__Task inputs__:
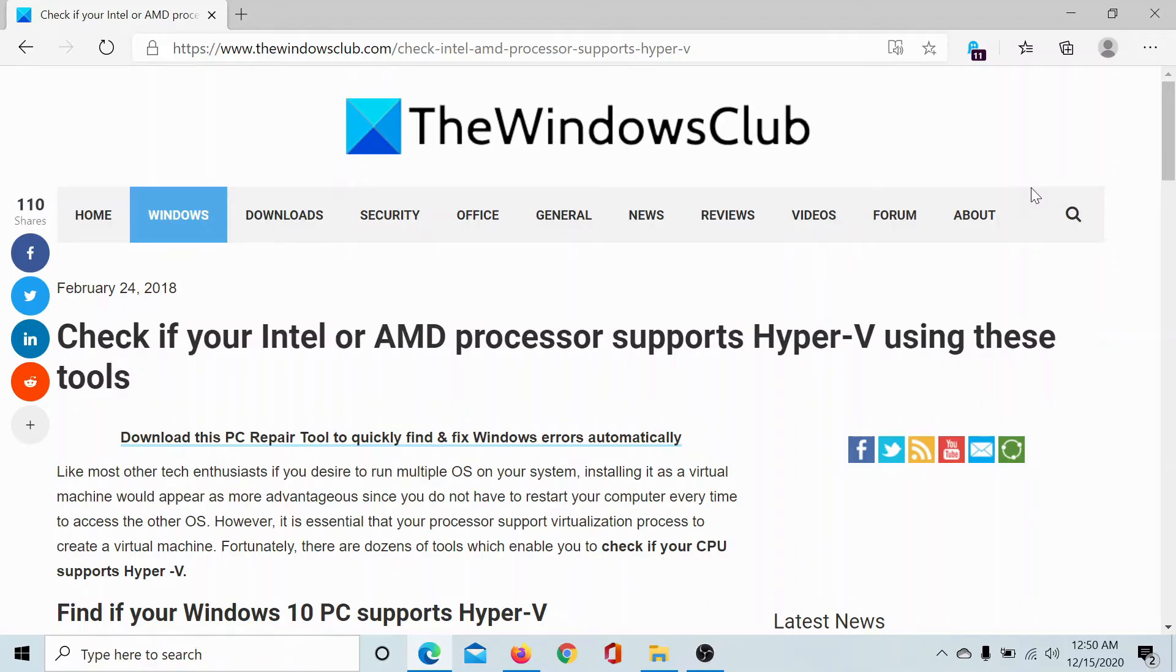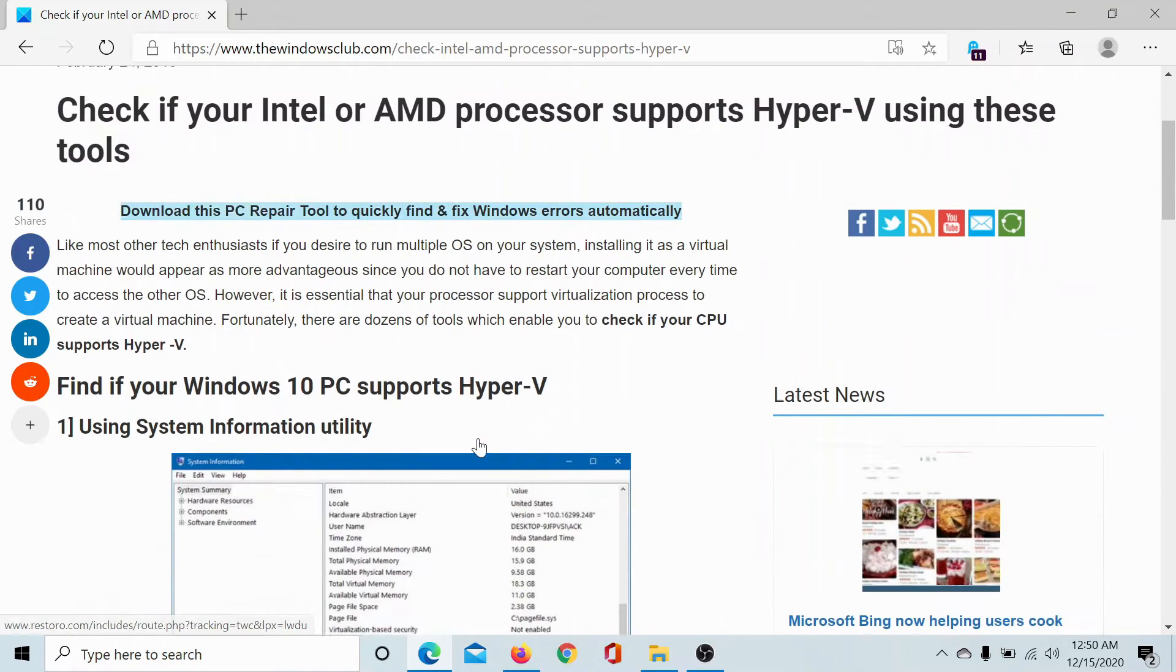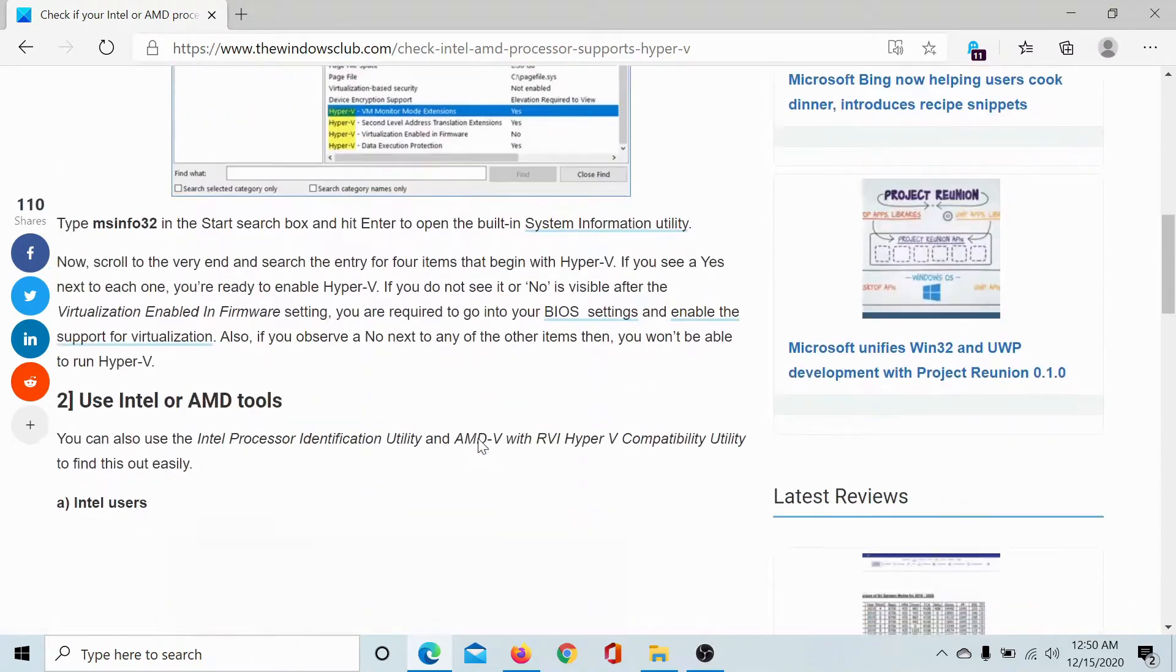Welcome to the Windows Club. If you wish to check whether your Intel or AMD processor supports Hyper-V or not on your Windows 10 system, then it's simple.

...

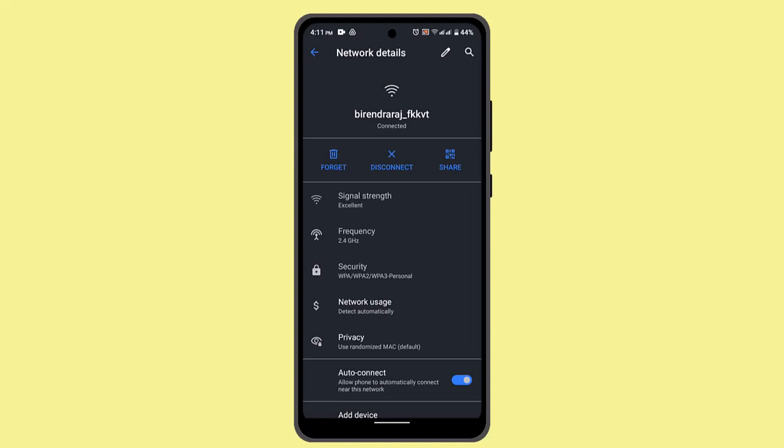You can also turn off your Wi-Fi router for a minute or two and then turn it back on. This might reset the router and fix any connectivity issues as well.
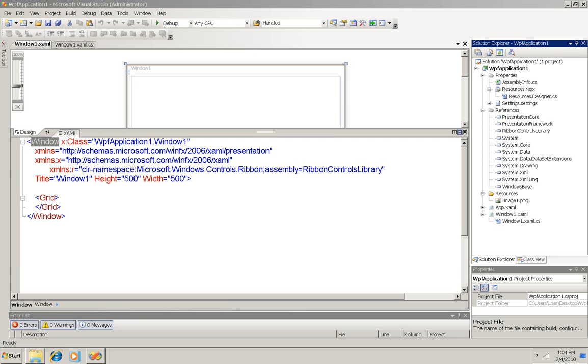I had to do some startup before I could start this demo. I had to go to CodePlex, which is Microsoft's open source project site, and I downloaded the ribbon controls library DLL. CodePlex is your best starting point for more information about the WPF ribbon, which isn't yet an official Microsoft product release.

--

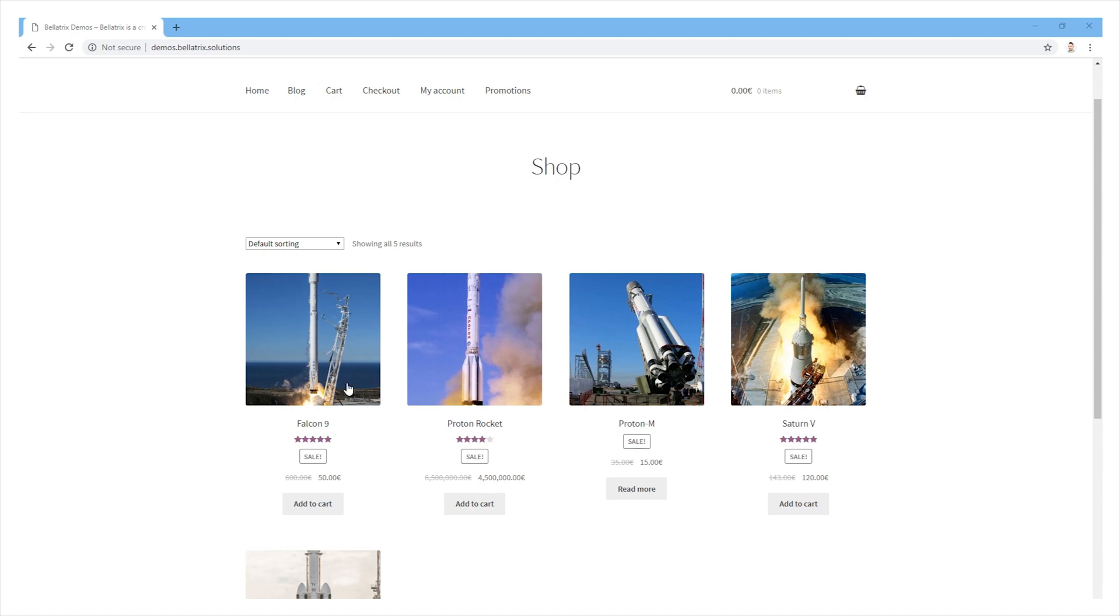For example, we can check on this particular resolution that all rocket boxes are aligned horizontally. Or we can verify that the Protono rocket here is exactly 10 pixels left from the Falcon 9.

__How to complete this task__: From the data above, retype only the lines starting with the line with "You can also" and going on through the line with "I had to do", exactly, leaving out the pictures.

__Expected answer__:
You can also turn off your Wi-Fi router for a minute or two and then turn it back on. This might reset the router and fix any connectivity issues as well.
I had to do some startup before I could start this demo. I had to go to CodePlex, which is Microsoft's open source project site, and I downloaded the ribbon controls library DLL. CodePlex is your best starting point for more information about the WPF ribbon, which isn't yet an official Microsoft product release.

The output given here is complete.